A forma dos contos escapa um
pouco o habitual e aqui o excesso analítico que a autora usa em seus
personagens se fixa quase sempre em instantes triviais. Muitas vezes os contos
parecem retalhos de algo maior; fragmentos que foram extraídos de um romance,
como algo sem começo nem fim. Não há a preocupação em dar um término lógico, um
sentido ou a premissa de se transmitir algo. Não. Os contos dessa autora
parecem narrar o desimportante; o abandono, o lado que ninguém nota.

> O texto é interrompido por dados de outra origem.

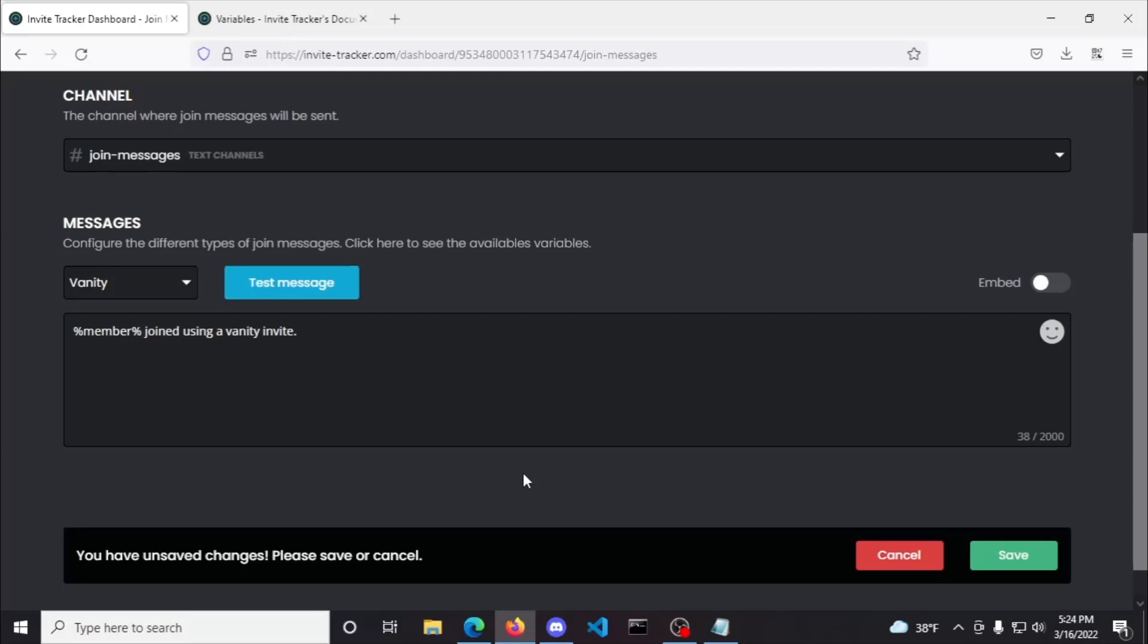For bot messages, you can customize this and it will occur whenever someone authorizes the bot into the server like previously I did when adding Invite Tracker in the server I'm configuring.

Somente quando aceitei este
fato é que comecei a gostar da leitura.
Os contos quase sempre
manipulam o entremeio para propositalmente não encontrar nenhum tipo de
extremo. Nada de vilões ou heróis, apenas seres cheios de inconstâncias
defrontando o ineditismo de suas existências. E desse modo, a narrativa segue
por uma trilha que precisa ser absorvida com calma, ou do contrário deixa a
incômoda impressão de insignificância.
O último conto intitulado “O Urso Atravessou a Montanha” foi a
confirmação definitiva de que eu tinha em mãos um grande livro. Achei
emocionante adentrar, sem nenhum pudor ou apresentações, na vida de um casal já
na terceira idade que começa a enfrentar as durezas ocasionadas pelo Alzheimer
que acometeu a esposa. Ela é internada num centro de tratamento e lá começa uma
afetiva relação com um dos internos. É fabuloso a narrativa que mantém a
proximidade do ponto de vista do marido, que apesar de ver sua esposa absorta
numa nova relação e ter sua mente confusa, exalando os mais difusos
sentimentos, ainda mantém o zelo e dedicação a ela, como se seu universo
estivesse tão enraizado no casamento que já não fosse mais possível escapar
dele.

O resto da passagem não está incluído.